The attraction of this model is obvious. A second home is just that - the owners spend most of their time elsewhere. So without impacting on their lifestyle, they can defray running expenses by letting it out when they are not there. This is easier than ever thanks to the proliferation of internet portals – gone are the days when holiday homeowners were reliant on postcards in the local post office.

Stuart Law, chief executive of property investment group Assetz and a holiday-let landlord himself, says it's possible to follow this 'semi-investment' route and still cover all basic property costs such as council tax, repairs and maybe debt-interest costs. This doesn't mean a second home is cash neutral: unlike buy-to-let investments, holiday homes are typically bought with a repayment mortgage, which means owners have to make transfers every month to pay back the loan. But these transfers are a saving, not a cost, so a second home effectively becomes a scheme for boosting the household pension pot. "It has worked very well for very, very many people," stresses Mr Law.

At its best, this approach has great flexibility - owners can raise as much income from lettings as they need or want at a given time. The overseas landlords surveyed by HomeAway.co.uk typically earned between £2,000 and £6,000 a year in gross rental income, but even this broad bracket only accounted for about 30 per cent of respondents. Many earn substantially more.

Of course, this flexibility is only possible if you own a holiday home with broad appeal. This effectively boils down to location and looks. The property has to be picturesque enough to stand out on an internet portal; and it has to be somewhere accessible that also has a long holiday season. Accessibility is particularly important abroad – holiday-makers don't want to drive more than two hours from the airport.

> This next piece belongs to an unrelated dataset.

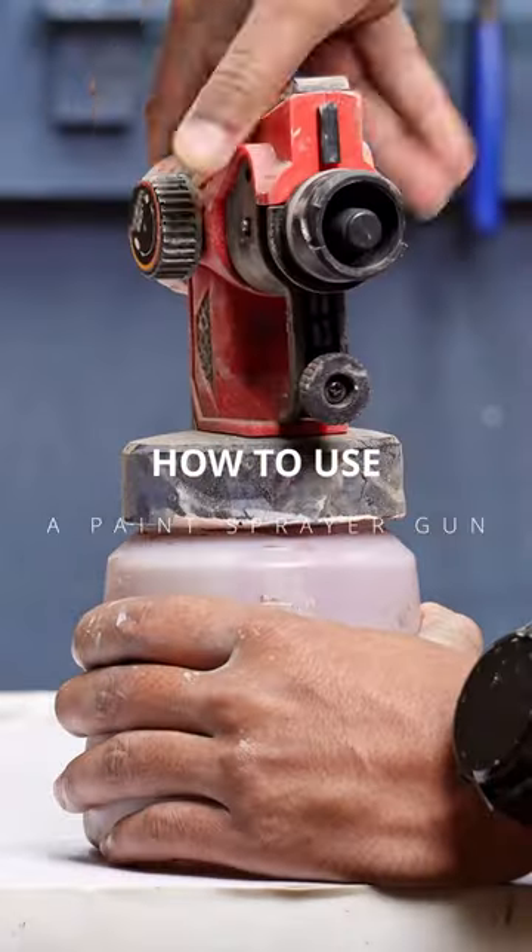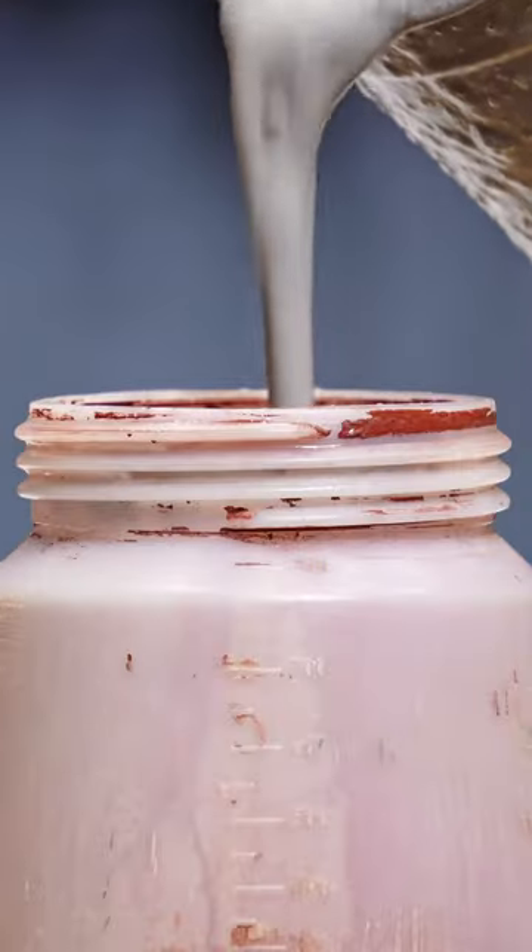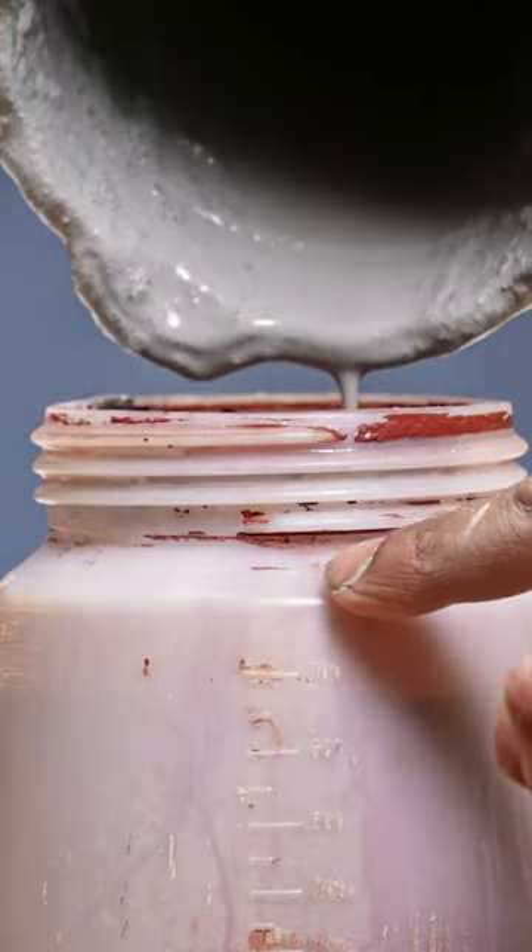First, remove the motor from the gun body. Now unscrew the paint container from the spray gun. Pour the prepared material into the container. Make sure it doesn't exceed the mentioned limit.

Mr Law's top choice is the Lake District, because it attracts visitors all year round: owners can achieve a 40-50-week season, he reports. He dismisses UK beach locations because the domestic sand-and-sun season is pitifully short, but proximity to a beach is very important abroad. A more counter-intuitive UK holiday destination is Central London. Because the capital attracts tourists all year round, Mr Law says a Covent Garden flat can achieve a net yield of 5 per cent – a good deal more than a normal buy-to-let tenancy.

This raises an interesting point. Well-located, intensively-let holiday homes can yield 10 per cent gross - 5 per cent net of the onerous management, cleaning and upkeep costs (which can be outsourced). Nothing special, you might think - such net yields are also typical of buy-to-let properties. But there's a difference: UK holiday homes tend to be in prime locations, where supply is constrained by tight planning and demand stimulated by City bonuses. So, for a comparable yield, they offer better capital growth prospects than your average rental flat.

That capital growth can be volatile, like City bonuses - more volatile than the wider housing market, because it depends on discretionary or speculative spending rather than basic housing needs. Prime homes on the Cornish coast still cost about 28 per cent less than they did in 2007. Homes in Spain have been even worse hit, with falls of 40-50 per cent due to rampant speculation by both investors and builders. I can only repeat my usual warning that buying property requires detailed local knowledge.

So owners may not be getting something for nothing - the higher net yield is accompanied sometimes by more volatile house prices, and always by the higher letting risk associated with hosting a dozen or more families a year. Yet for investors who can handle this risk – and particularly those who have time to advertise and manage the lets themselves – second homes can offer an attractive combination of income and capital growth. If you don't mind mixing business and pleasure, holidays are even thrown in for free.